Hello,
I am trying to write table from a dataframe to bigTable and facing some errors. I am looking this notebook.
Jar:
bigtable_spark_connector_jar="gs://spark-lib/bigtable/spark-bigtable_2.12-0.1.0.jar"
Session:
spark = SparkSession.builder \
.appName('df-to-bigtable')\
.config("spark.jars", bigtable_spark_connector_jar) \
.config("spark.jars.packages", "org.slf4j:slf4j-reload4j:1.7.36") \
.getOrCreate()
Spark version:
3.5.0
Scala Version:Scala code runner version 2.12.18
Writing data: df.repartition(10) \
.write \
.format("bigtable") \
.options(catalog=catalog) \
.option("spark.bigtable.project.id", bigtable_project_id) \
.option("spark.bigtable.instance.id", bigtable_instance_id) \
.option("spark.bigtable.create.new.table", create_new_table) \
.save()
Its erroring out:Py4JJavaError: An error occurred while calling o338.save.
: org.apache.spark.SparkClassNotFoundException: [DATA_SOURCE_NOT_FOUND] Failed to find the data source: bigtable. Please find packages at `https://spark.apache.org/third-party-projects.html`.
at org.apache.spark.sql.errors.QueryExecutionErrors$.dataSourceNotFoundError(QueryExecutionErrors.scala:724)
at org.apache.spark.sql.execution.datasources.DataSource$.lookupDataSource(DataSource.scala:647)
at org.apache.spark.sql.execution.datasources.DataSource$.lookupDataSourceV2(DataSource.scala:697)
at org.apache.spark.sql.DataFrameWriter.lookupV2Provider(DataFrameWriter.scala:863)
at org.apache.spark.sql.DataFrameWriter.saveInternal(DataFrameWriter.scala:257)
at org.apache.spark.sql.DataFrameWriter.save(DataFrameWriter.scala:248)
at java.base/jdk.internal.reflect.NativeMethodAccessorImpl.invoke0(Native Method)
at java.base/jdk.internal.reflect.NativeMethodAccessorImpl.invoke(NativeMethodAccessorImpl.java:62)
at java.base/jdk.internal.reflect.DelegatingMethodAccessorImpl.invoke(DelegatingMethodAccessorImpl.java:43)

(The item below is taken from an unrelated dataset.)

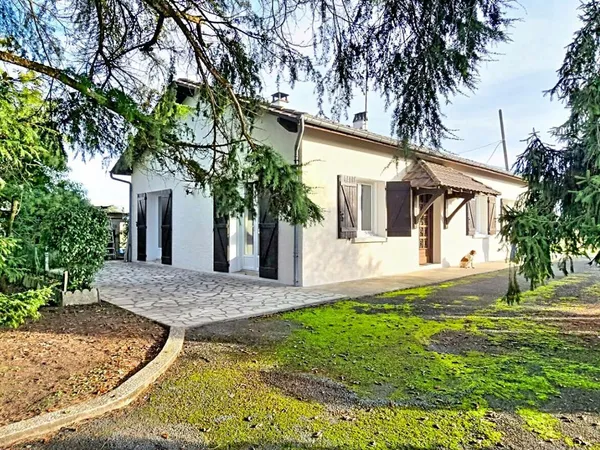 Maison avec double garage , parc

at java.base/java.lang.reflect.Method.invoke(Method.java:566)
at py4j.reflection.MethodInvoker.invoke(MethodInvoker.java:244)
at py4j.reflection.ReflectionEngine.invoke(ReflectionEngine.java:374)
at py4j.Gateway.invoke(Gateway.java:282)
at py4j.commands.AbstractCommand.invokeMethod(AbstractCommand.java:132)
at py4j.commands.CallCommand.execute(CallCommand.java:79)
at py4j.ClientServerConnection.waitForCommands(ClientServerConnection.java:182)
at py4j.ClientServerConnection.run(ClientServerConnection.java:106)
at java.base/java.lang.Thread.run(Thread.java:829)
Caused by: java.lang.ClassNotFoundException: bigtable.DefaultSource
Can someone please take a look?
Thanks,Venkat